If my day is too open, when I apparently have more time, I often end up being much less productive. If I only have only a vague notion of the things I need to do, it's a so-called freedom that often gets squandered with too much time browsing online, for instance. We all know how that goes: one thing leads to another and pretty soon it's forty-five minutes later and we missed the window to accomplish an actual task. It's the same if you're a stay-at-home-parent, working person, student, or what-have-you; technology and our digital connection to everything and everyone can be a giant waste of time.
Structured time, on the other hand, directs us, or, if you prefer, directs our time. I like to think of scheduling much the same way I think of budgeting. Instead of telling my money what to do, I'm telling my time where to go. The analogy works well: where we put our time is what we're investing in, and frankly, as much fun as it is, I (want to) choose not to invest myself in scrolling through Instagram!
...Mostly around what's important to you.

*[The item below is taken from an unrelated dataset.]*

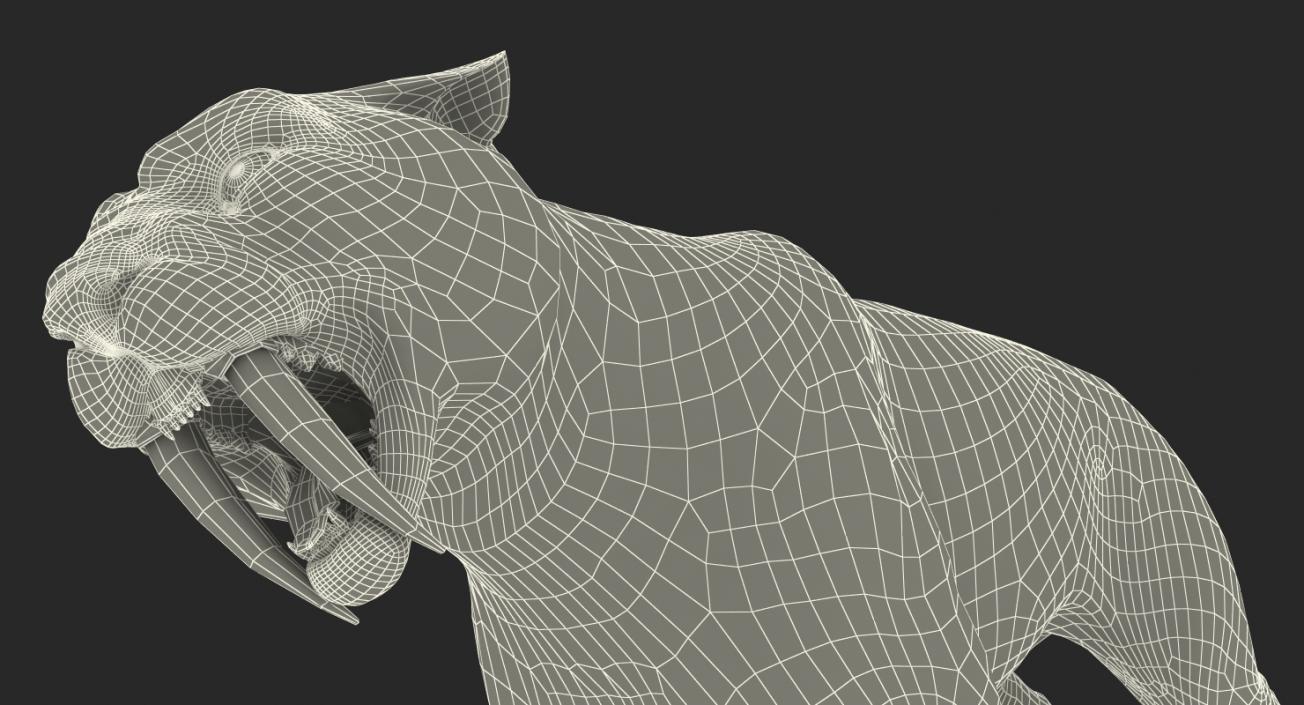 Saber Tooth Tiger Growls Pose 3D model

Telling our time where to go requires that we take a step back and consider where we want our time to go, where we want to invest our moments and, therefore, our days. Of course, there are things we all must do: work, pay bills, eat, sleep, taxi our children from here to there.
But in our consideration of where we want our remaining time to go is where we get to "make time for what's important." To do that, we have to confront the very question of what's important — to us. (Hello, learning how to say no.) What are we unwilling to give up the time to do or what do we want to make time for? These things can be little (cooking most meals from scratch) or huge (quitting your job to go back to school, to stay at home with the children, or to take a shot at your dream occupation).

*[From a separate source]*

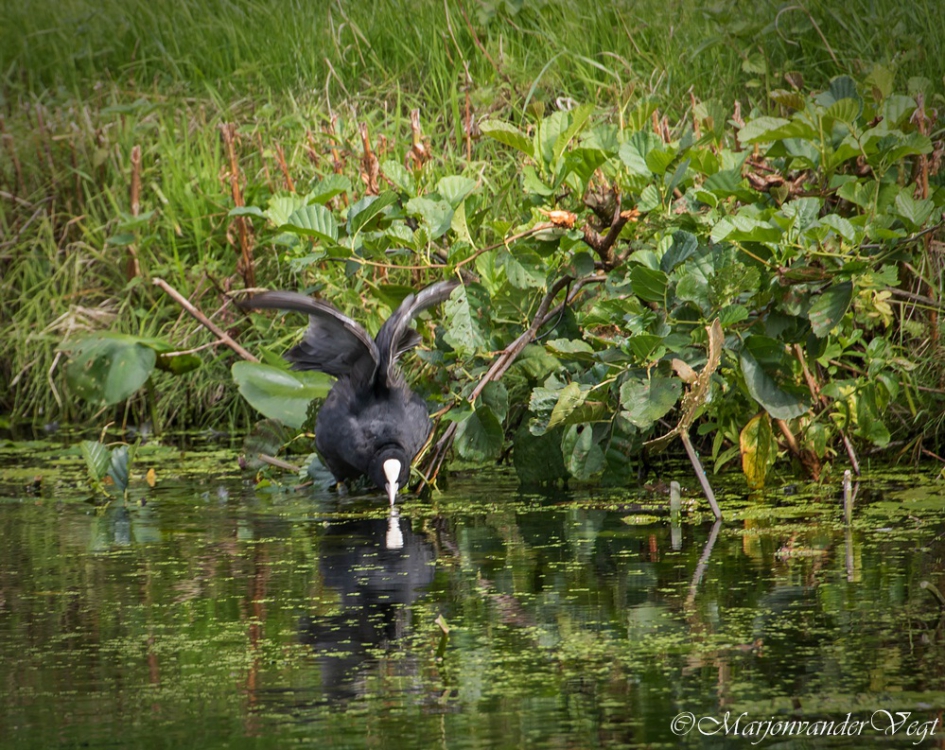 Aerobics - Vogels - meerkoet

Often, making time for what's important to us involves dropping activities that are taking our time but that are relatively less important. When examined from this bird's eye perspective, it might not be as hard to give up the elite soccer club in exchange for family dinners around the table and getting some weekends back — or vice versa, depending on what's right for your family. Or, it might make sense to decide to take on as much overtime as possible for the next year in order to knock out the last of that student debt.
But not too much.
When we're deliberate with our time, it's easy to cross the line into becoming either over-scheduled or inflexible. Structure is good, but letting our schedule be our task-master can be exhausting. For me, it's especially helpful to consider what things take my energy and planning accordingly. Sometimes this means taking care of something ahead of time (making lunches the night before) or spreading out commitments (saying no to the third birthday party of the month that falls on the weekend you planned to finish your taxes). Know yourself. If you're an introvert hosting guests, try not to schedule too much the week after they leave. Giving yourself breathing room helps keep you at your optimal pressure level (not too much, not too little) and ensures that the things you're doing are done well.
Plus, as we all know, nothing goes according to plan. Some space in the schedule means that when something comes up or takes longer than expected, you won't snap-crackle-pop, as this mother at least has been wont to do. I need room to maneuver and not structuring my time too tightly allows me to do just that, gracefully.
It's all a balancing act, and structuring your time with forethought about what you're spending your time on along with building in just enough elasticity creates the possibility for being present wherever you are. And as much as I want to choose what to do with my time, that's how I want to be in my time and that, to me, is truly productive.